Il a répété qu’il a été victime d’un complot de ses associés japonais, qu’il a été abandonné par son conseil d’administration et par les autorités françaises. Toutes les accusations de fraude fiscale, d’enrichissement personnel et d’abus de confiance sont des montages. Il n’a pas fui le Japon, il a seulement échappé à un système judiciaire injuste. Malheureusement, il ne peut pas quitter le Liban, car Interpol a lancé une fiche rouge contre lui. Il risque d’être arrêté et extradé au Japon y pour être jugé. Bien sûr, si les juges français ont la bonté de venir à Beyrouth, il se fera un plaisir de répondre à toutes leurs questions. Et l’aimable Ruth Elkrief a avalé tout cela avec le sourire !

Elle lui a bien demandé, mais sans insister trop, comment il s’était évadé du Japon et combien cela lui avait coûté : "je ne veux pas mettre en danger les gens qui m’ont aidé". Question suivante : pourquoi avait-il fait financer par Renault sa petite sauterie au château de Versailles pour le 50e anniversaire de son épouse ? Ghosn a resservi son explication embrouillée sur le contrat de sponsoring passé avec le château. Il aurait fallu une journaliste d’un autre calibre et d’une autre compétence pour déconcerter l’ancien président de Renault-Nissan. À 66 ans, de sa belle voix grave, Carlos Ghosn a bien joué sa partition : après des années de voyages dans le monde et de réunions d’affaires épuisantes, il peut enfin goûter à la vie de famille, auprès de sa charmante épouse. On est prié de sortir son mouchoir ! 

Comme DSK, dans une célèbre interview complaisante sur TF1, après son retour en France, Ghosn a saisi la perche tendue par la journaliste pour donner une petite leçon de management. Non, il ne croit pas aux relocalisations prônées par Macron. Elles ne peuvent pas "se faire au détriment de la logique économique dans un système de commerce mondial ouvert". Celui qui vous le dit est un ancien dirigeant qui a fait capoter l’alliance automobile franco-japonaise et qui a fraudé le fisc au Japon et en France. Un ex-PDG qui attaque Renault en justice pour obtenir des millions d’euros de rémunération et de retraite qu’on lui doit. La voix ferme, le regard impérieux, un homme qui ne se laissera pas faire !

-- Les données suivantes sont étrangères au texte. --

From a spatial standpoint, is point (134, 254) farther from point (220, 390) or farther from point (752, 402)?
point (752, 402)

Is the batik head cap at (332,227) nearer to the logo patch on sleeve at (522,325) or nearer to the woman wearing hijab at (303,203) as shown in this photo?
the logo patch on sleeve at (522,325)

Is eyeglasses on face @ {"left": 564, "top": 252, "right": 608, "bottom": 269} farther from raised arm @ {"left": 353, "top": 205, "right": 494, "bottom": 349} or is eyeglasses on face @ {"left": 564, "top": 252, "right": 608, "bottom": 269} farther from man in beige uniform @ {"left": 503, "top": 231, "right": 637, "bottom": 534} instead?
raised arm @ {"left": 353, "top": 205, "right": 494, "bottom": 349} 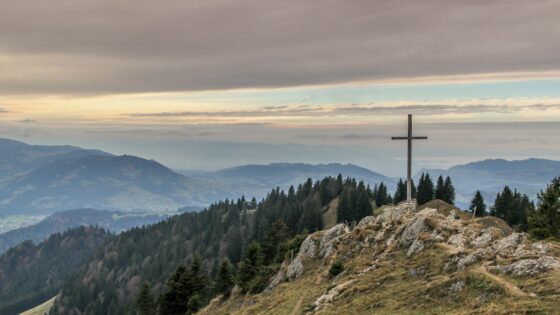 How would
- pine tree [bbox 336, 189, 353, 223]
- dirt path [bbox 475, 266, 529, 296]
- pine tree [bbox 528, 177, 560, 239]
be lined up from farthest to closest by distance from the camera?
pine tree [bbox 336, 189, 353, 223] < pine tree [bbox 528, 177, 560, 239] < dirt path [bbox 475, 266, 529, 296]


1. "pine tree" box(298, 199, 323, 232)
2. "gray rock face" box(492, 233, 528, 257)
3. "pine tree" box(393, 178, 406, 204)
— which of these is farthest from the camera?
"pine tree" box(393, 178, 406, 204)

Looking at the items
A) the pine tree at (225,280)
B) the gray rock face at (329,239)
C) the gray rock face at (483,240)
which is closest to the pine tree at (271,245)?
the pine tree at (225,280)

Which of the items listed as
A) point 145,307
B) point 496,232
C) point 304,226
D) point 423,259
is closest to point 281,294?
point 423,259

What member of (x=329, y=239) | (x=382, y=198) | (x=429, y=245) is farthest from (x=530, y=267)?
(x=382, y=198)

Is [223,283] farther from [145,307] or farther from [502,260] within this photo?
[502,260]

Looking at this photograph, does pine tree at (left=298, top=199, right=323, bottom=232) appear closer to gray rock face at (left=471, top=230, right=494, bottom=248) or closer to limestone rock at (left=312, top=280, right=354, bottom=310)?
gray rock face at (left=471, top=230, right=494, bottom=248)

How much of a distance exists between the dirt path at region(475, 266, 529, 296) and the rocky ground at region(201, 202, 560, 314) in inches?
2.4

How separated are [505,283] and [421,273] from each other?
385 inches

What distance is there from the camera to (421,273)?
41625 millimetres

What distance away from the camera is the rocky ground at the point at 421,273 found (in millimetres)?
31609

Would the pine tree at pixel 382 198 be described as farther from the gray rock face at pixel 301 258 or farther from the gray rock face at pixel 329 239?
the gray rock face at pixel 301 258

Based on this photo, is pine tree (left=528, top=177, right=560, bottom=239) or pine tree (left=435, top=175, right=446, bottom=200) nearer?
pine tree (left=528, top=177, right=560, bottom=239)

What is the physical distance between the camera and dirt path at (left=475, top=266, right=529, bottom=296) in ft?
100

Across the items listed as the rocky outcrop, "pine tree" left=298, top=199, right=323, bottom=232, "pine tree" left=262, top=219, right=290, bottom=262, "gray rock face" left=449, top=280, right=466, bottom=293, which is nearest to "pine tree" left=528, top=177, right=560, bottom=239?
the rocky outcrop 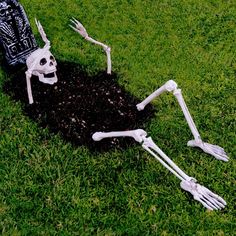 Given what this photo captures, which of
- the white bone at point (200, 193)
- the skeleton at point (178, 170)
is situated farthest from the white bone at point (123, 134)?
the white bone at point (200, 193)

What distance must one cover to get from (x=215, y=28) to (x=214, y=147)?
2376 mm

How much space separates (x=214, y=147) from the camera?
16.9 feet

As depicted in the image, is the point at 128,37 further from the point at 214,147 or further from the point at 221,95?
the point at 214,147

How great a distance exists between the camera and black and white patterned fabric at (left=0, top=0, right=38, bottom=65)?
548 cm

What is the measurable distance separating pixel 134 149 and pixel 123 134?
53 centimetres

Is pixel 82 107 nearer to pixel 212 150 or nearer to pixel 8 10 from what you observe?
pixel 8 10

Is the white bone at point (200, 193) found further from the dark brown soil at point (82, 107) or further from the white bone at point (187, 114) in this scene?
the dark brown soil at point (82, 107)

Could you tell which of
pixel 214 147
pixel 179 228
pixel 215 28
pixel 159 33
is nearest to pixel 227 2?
pixel 215 28

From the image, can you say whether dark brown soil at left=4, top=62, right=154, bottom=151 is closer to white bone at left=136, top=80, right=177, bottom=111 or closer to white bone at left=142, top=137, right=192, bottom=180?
white bone at left=136, top=80, right=177, bottom=111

Bien sûr, la journaliste aurait pu rappeler que le bras droit du grand patron en fuite, Greg Kelly, est actuellement en procès à Tokyo, où l'on en apprend de belles, lors des témoignages de ses anciens subordonnés, qui n’ont pas l’intention de porter le chapeau. Ils révèlent dans le détail les combines de Ghosn pour cacher les primes et les salaires différés qu'il se faisait verser à l’insu du conseil d’administration: des montants astronomiques de 178 millions de dollars. Ils révèlent aussi comment le patron leur a demandé de créer une filiale-écran aux Pays-Bas et une autre à Dubaï, en fabriquant de faux documents. 

Bien sûr, tout cela est trop technique et trop compliqué pour le téléspectateur moyen. Il retiendra surtout que Carlos Ghosn n’est peut-être plus le flamboyant patron encensé par les médias au Japon en France et dans le monde. Mais il en a encore sous le pied, il a de quoi défendre ses intérêts, et au besoin, on pourra toujours lui demander des conseils.

Comme le disait sagement le dessinateur américain de BD Scott Adams : "les patrons sont comme les chats dans une litière. Instinctivement, ils remuent tout pour cacher ce qu’ils ont fait".